Pakistani Church authorities express their objection over a job advert in local dailies offering cleaning jobs exclusively to non-Muslims. Pakistan’s Christian minorities make up 80 percent of the country’s sanitation workforce, according to a study by Open Doors USA. This is despite the fact that they make up 1.6 percent of Pakistan’s total population.

 

Church authorities have voiced their disapproval over the publication of a job advertisement considered to be discriminatory towards minorities, Vatican News reports.

The state-run Municipal Corporation (West) Karachi, on 1 June, announced 28 job vacancies of different categories in local newspapers. However, it reserved sanitary jobs exclusively for non-Muslims.

Reacting to this, the vicar general of Karachi Archdiocese and director of its National Commission for Justice and Peace, Father Saleh Diego met with the government’s representative on minority affairs, Naveed Anthony, to express objections and request the lawmaker to look into the matter.

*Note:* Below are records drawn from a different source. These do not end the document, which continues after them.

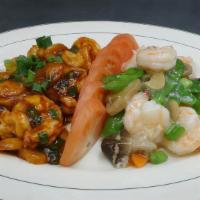 Shrimp Duet 鸳鸯虾 · Hot and spicy. Stir fried shrimp with vegetable on one side and jumbo shrimp in garlic sauce...
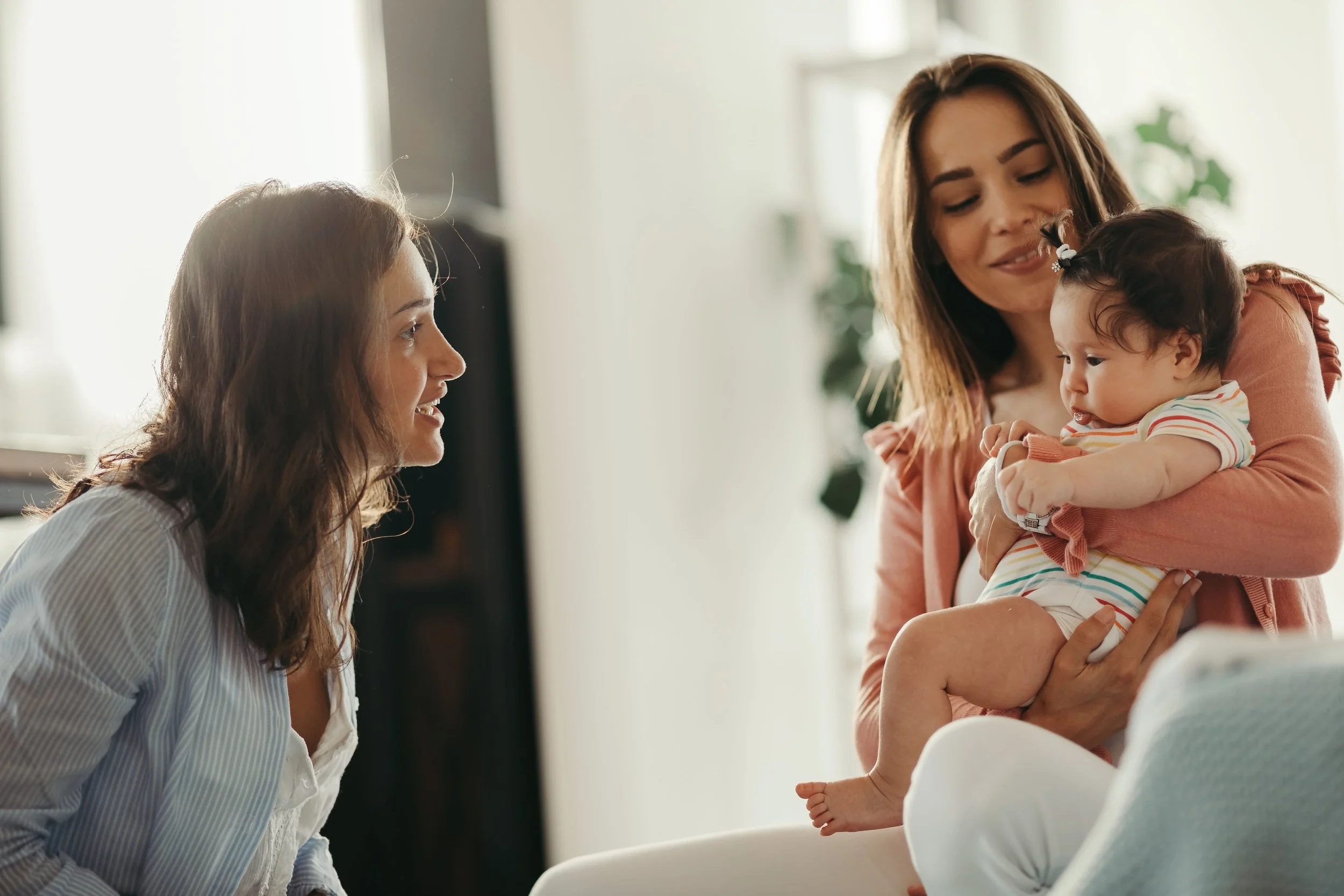 Mom talking with babysitter with baby in her lap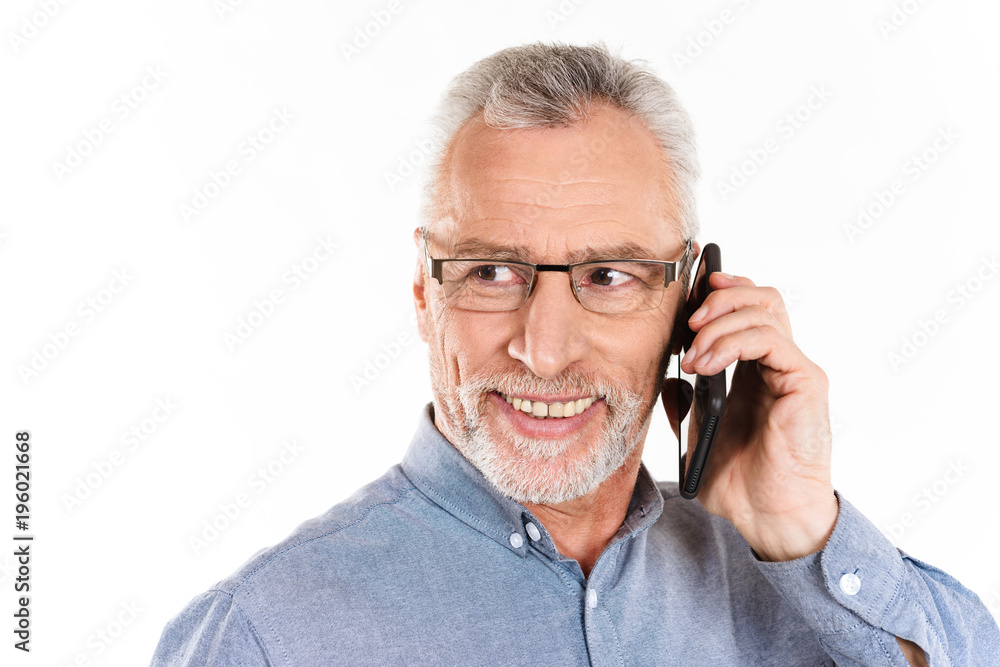Portrait of smiling mature man talking on smartphone isolated Portrait of smiling mature man talking on smartphone isolated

“This is not the first time that government advertisements have hurt the sentiments of religious minorities. It is totally unacceptable,” Father Diego stated.

“We have repeatedly appealed to officials to put an end to the culture of placing advertisements that further stigmatize marginalized minorities. ”

Pakistan’s Christian minorities make up 80 percent of the country’s sanitation workforce, according to a study by Open Doors USA. This is despite the fact that they make up 1.6 percent of Pakistan’s total population.

For example, in 2015, Lahore Waste Management Company alone employed 7,894 sewer sweepers, the majority of them Christians. The same study also cites the Capital Development Authority employing 1,500 sweepers for Islamabad, all of them Christians.